Ever stop and think about where all that stuff you posted back in your Bebo days went? Me neither.
Did you know that the World Wide Web was invented by Tim Berners-Lee in 1989? Initially it was very much a one-way communication method, with a high level of coding expertise required to create and upload content. Fast forward to the noughties and it had evolved into a two-way free for all. The age of citizen journalism was born!
The introduction of the current heavyweight platforms of social media – Facebook in 2004, Twitter in 2006 and Instagram in 2010 – saw the world (and its mother) publishing pictures of their lattes, checking in for pre-holiday airport pints and, of course, sharing their opinions.
So so many opinions. Good ones. Bad ones. Helpful ones. Hateful ones.
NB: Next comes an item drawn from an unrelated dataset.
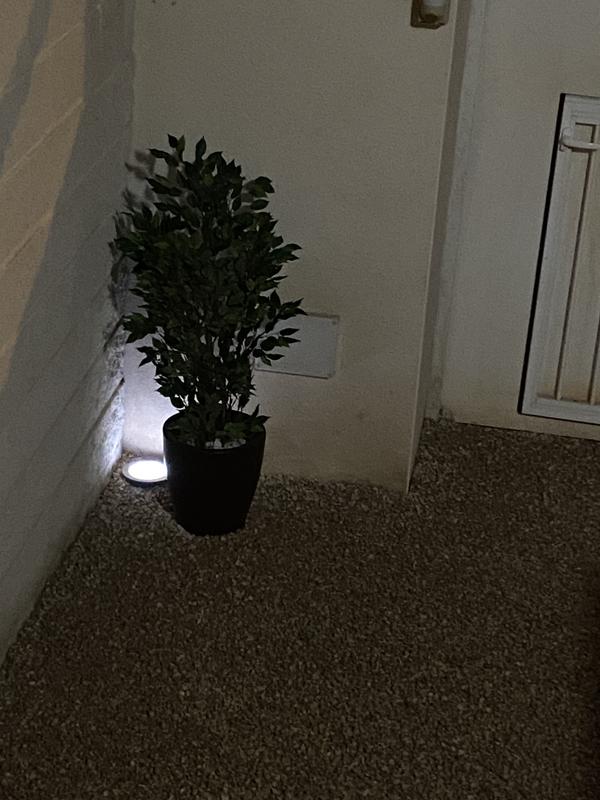 Abrir modal de revisión 2 de 2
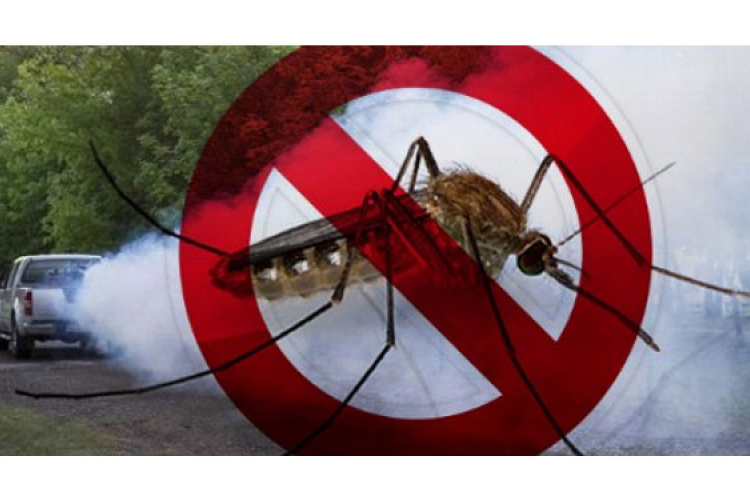 Szúnyoggyérítést végeznek Dombóváron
Not to mention those that come back and bite you in the ass…
Case in point this week in Irish politics when Senator Lorraine Clifford-Lee, a Fianna Fáil politician, found her digital footprint hadn’t only caught up with her, but pretty much squashed her underneath.
The Senator had a number of historic tweets raked up and leaked to the press…an unfortunate coincidence perhaps with the fact she is currently contenting a by-election in Dublin Fingal for a Dáil seat.
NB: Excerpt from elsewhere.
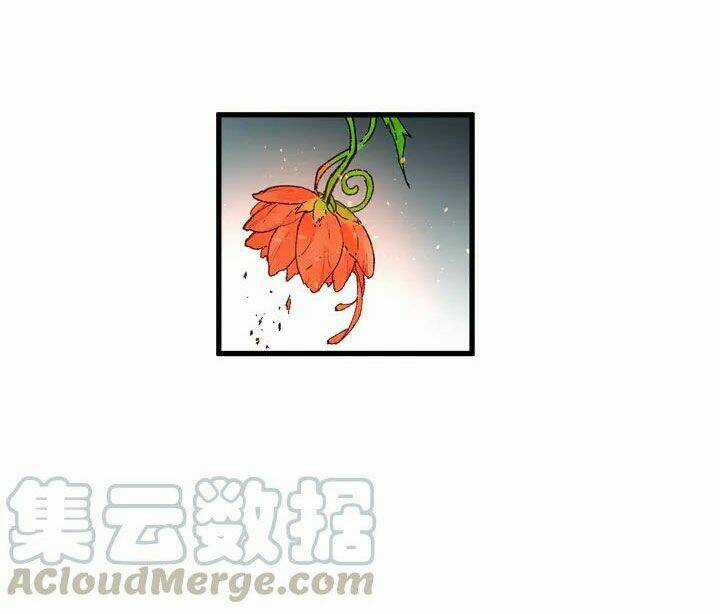 Thánh Khư - Chapter 81 - Trang 51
Senator Clifford-Lee made the unfortunate decision to publish a number of tweets in 2011 and 2012 using derogatory terms like ‘Pikey’, ‘Knacker’ and ‘sluts’ to describe things she disapproved of, like Cheryl Cole’s hair extensions…
The tweets were wrong then, they’re wrong now, and there’s no condoning it. Senator Lorraine Clifford-Lee is not the first person in the public eye to suffer because of her digital footprint, and she certainly won’t be the last.
As a world we are constantly being educated and, subsequently, developing. What may have been acceptable language and behaviour in by-gone years, is often not acceptable now. As we understand the offence that certain words or actions may bestow on our fellow peoplekind, there is an expectation that we no longer adopt such traits. This is particularly true of the young and educated.
That’s what makes Senator Clifford-Lee’s tweets so newsworthy. She should have known better.
That said, the internet has changed dramatically over the last ten years, as has our understanding of how it works. Think back to 2010 when Simon Coveney tweeted on the then Taoiseach, Brian Cowen, who was giving a Morning Ireland interview, saying he sounded “somewhere between drunk and hungover” on the program….
The now infamous tweet led to ‘Garglegate’ and the eventual demise of Cowen’s career. Would Simon really have made that comment if there was a microphone in front of him? If he was speaking to a journalist or on the Six O’Clock News? I think not.
I think Simon Coveney, like so many other people back in the ‘early days’ of social media, simply forgot he was publishing his opinion to the world. Just like Senator Lorraine Clifford-Lee forgot.
It is a fact that publishing online carries the same legal responsibility as publishing on any other platform. The informal nature of social media can often distract us from this reality and lull us into a false sense of security.
Content we publish online is accountable by the same laws of libel, defamation, slander, copyright, etc., as any other publisher. It doesn’t matter if it’s published on a private or business page, it’s still liable. The increasing number of legal cases originating from social media platforms is testament to this new digital age reality.
So how many of us really stop to think about that?
When you’re sitting at home on the couch, phone in hand, publishing your opinions to the world. If someone took a fancy to forensically examine your digital footprint would you be confident that you would emerge unblemished?
If not, it may be a good time to start hitting the delete button.